I’m posting this as a public service due to recent issues that we have had at my company.  Hopefully this helps someone somewhere down the road and you don’t have to go through what we have been going through for the last 3 weeks.

Scenario:  Our network engineer is setting up Exchange 2003 so that we can bring email internal.  Problem:  Once installed, it won’t configure properly and he can’t get it working.  He spends about a week or so on it himself.  It seems like we have Active Directory issues.  Additionally, he was having a hell of a time getting Active Directory replication working.

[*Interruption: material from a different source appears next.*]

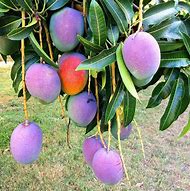 Image result for Purple Mango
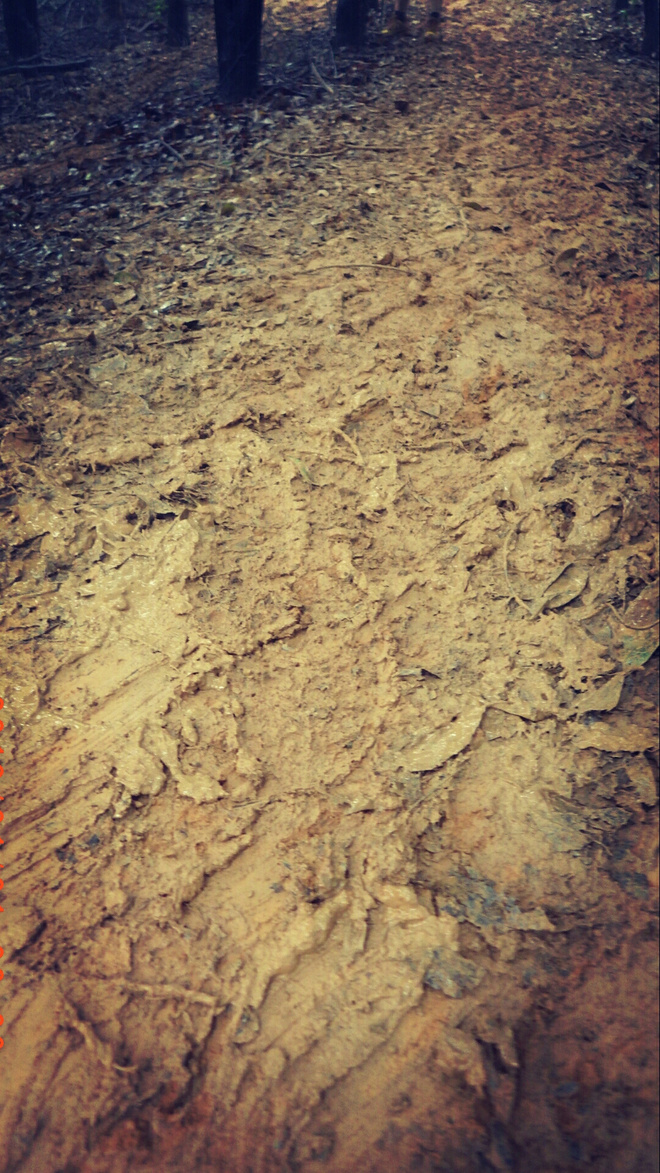 如没有那泥泞 其实你很美——记人生第一次龙洞越野赛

The network is split between a few locations.  Our location is a separate tree in the main forest which is housed elsewhere.  At each location we have two domain controllers.  At each location, one is Windows 2003, and one is Windows 2000.  Therein lies half of the problem.  We also don’t resolve NETBIOS across the VPN, so we use the FQDN (fully-qualified domain name) to talk between the two domains.  The other location is the master domain.

So, after going through about a full week of troubleshooting on the phone with Microsoft, trying all kinds of things, and at one point having 4 people on the phone on the Microsoft end, the resolution came today in the form of two revelations:

1) When one DC is 2000 and one is 2003, the RPC Locator Service has to be set up a specific way.  On the 2000 machine, it has to be Manual and Stopped.  On the 2003 machine it has to be Automatic and Started.  Incidentally, this totally also fixed the replication issue between the two domains, and everything runs like a champ now.

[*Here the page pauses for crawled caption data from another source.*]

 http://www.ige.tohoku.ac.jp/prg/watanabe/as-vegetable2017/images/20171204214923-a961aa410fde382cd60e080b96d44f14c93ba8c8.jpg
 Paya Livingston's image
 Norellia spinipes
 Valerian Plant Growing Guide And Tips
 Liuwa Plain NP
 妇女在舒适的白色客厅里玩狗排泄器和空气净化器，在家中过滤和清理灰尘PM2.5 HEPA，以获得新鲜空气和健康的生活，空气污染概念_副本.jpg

2) As a result of the dual domain setup this one came out.  It appears that Exchange is hard-coded to look for the domain master by NETBIOS name, not FQDN.  This came as news to the team on the phone who thought it was FQDN, and it’s documented that it’s FQDN.  This problem comes up because the domain  master cannot be reached by NETBIOS name.  Essentially you have to work around this.  I forget exactly how he said they did it, but I’ll ask him and update the entry here.

So, a couple weeks later, Exchange is up and running.  The undocumented bizarro things on an individual network that can screw up a simple install really reared their ugly heads here, so much so that the Microsoft guys were taking copious notes to pass along to colleagues.  Hopefully if anyone runs into this issue they can find this entry and solve it, save you the couple of weeks.